» **Task input**
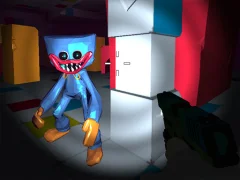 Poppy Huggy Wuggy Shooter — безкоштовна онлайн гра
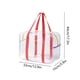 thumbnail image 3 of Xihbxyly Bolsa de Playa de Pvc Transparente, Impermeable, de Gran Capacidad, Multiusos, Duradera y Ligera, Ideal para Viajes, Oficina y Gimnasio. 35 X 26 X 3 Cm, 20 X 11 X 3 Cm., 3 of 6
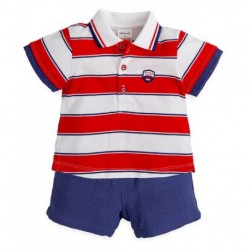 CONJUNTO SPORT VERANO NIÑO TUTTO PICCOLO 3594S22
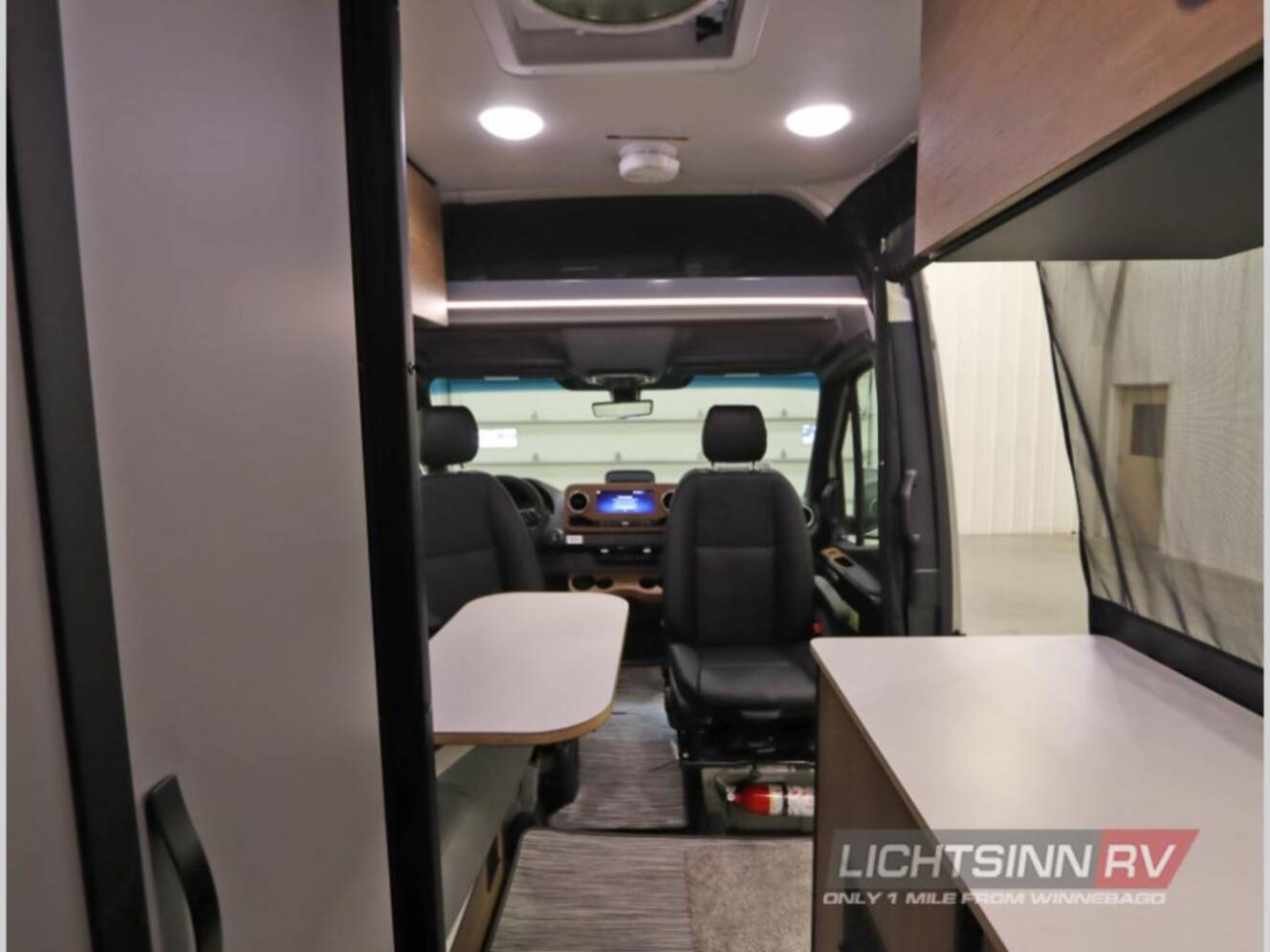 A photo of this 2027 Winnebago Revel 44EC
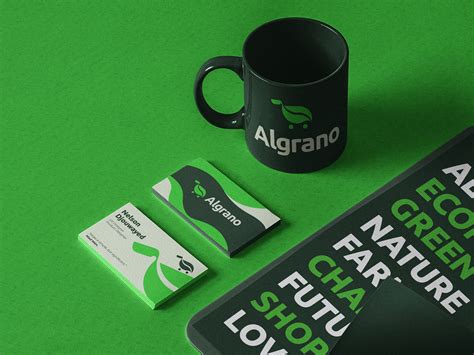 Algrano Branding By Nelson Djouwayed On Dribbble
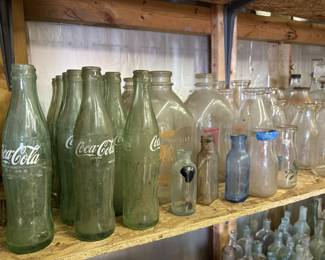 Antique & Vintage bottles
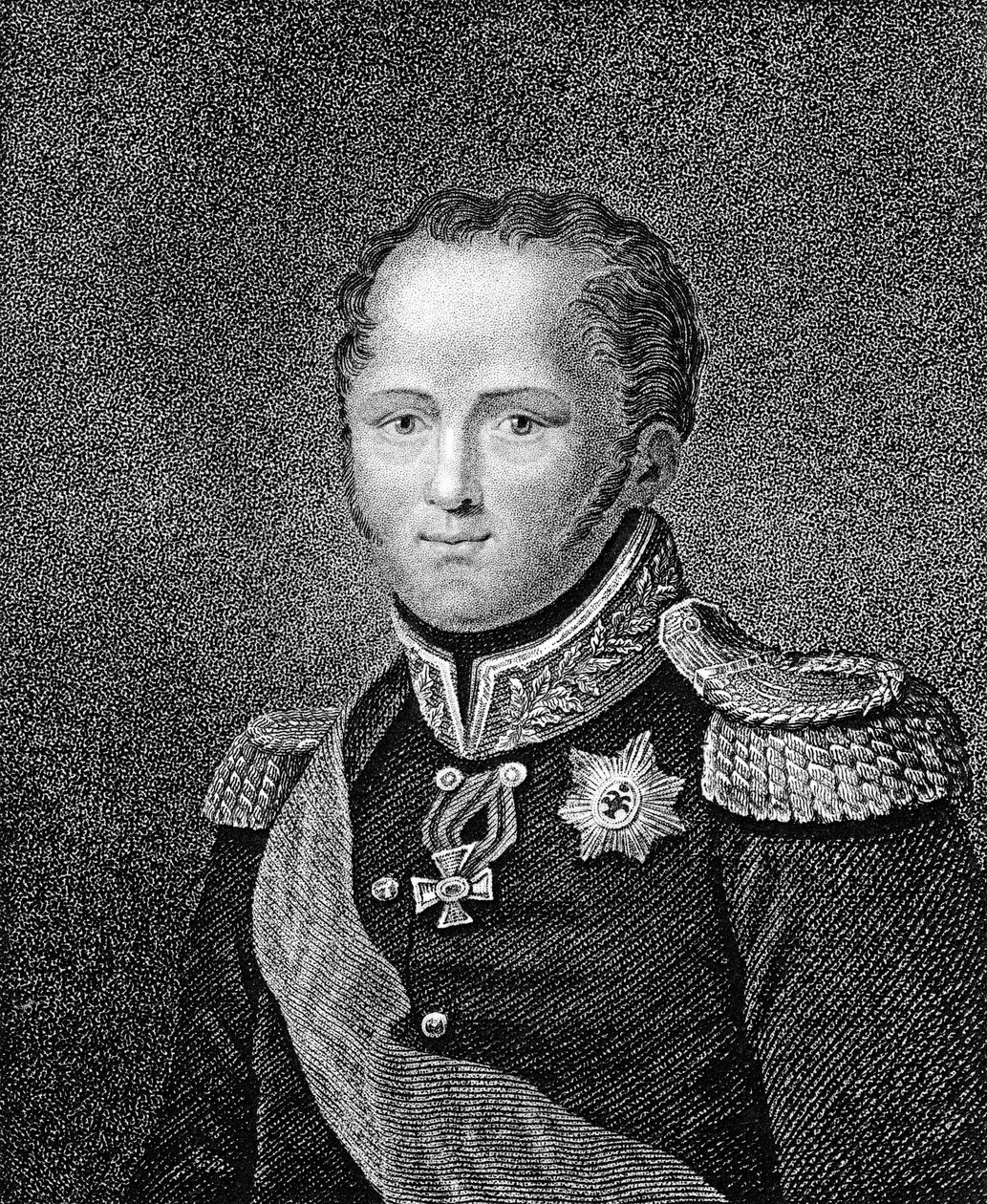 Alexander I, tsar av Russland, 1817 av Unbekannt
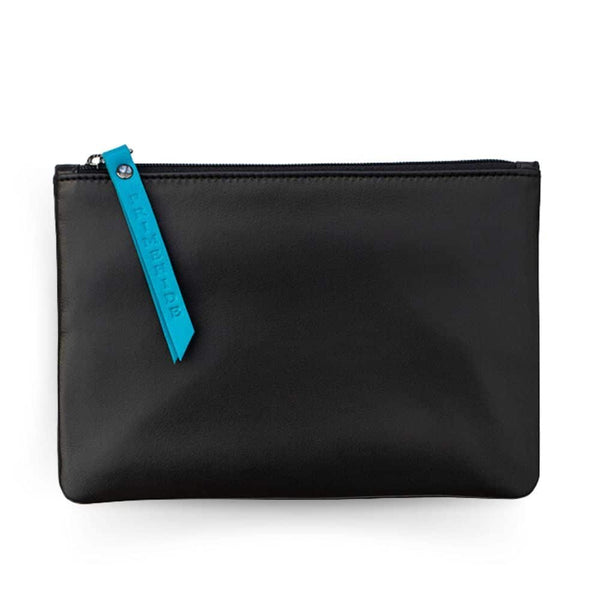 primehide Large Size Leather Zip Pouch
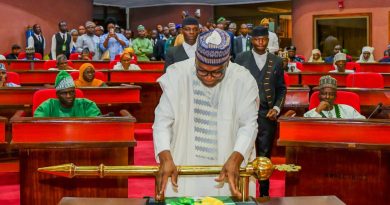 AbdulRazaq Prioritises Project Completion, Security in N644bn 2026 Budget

» **Problem**
The expected output is the run of lines from the one containing "A photo of this 2027 Winnebago Revel 44EC" to the last line of the listing above, both included, word for word and free of pictures.

» **Completed exercise**
 A photo of this 2027 Winnebago Revel 44EC
 Algrano Branding By Nelson Djouwayed On Dribbble
 Antique & Vintage bottles
 Alexander I, tsar av Russland, 1817 av Unbekannt
 primehide Large Size Leather Zip Pouch
 AbdulRazaq Prioritises Project Completion, Security in N644bn 2026 Budget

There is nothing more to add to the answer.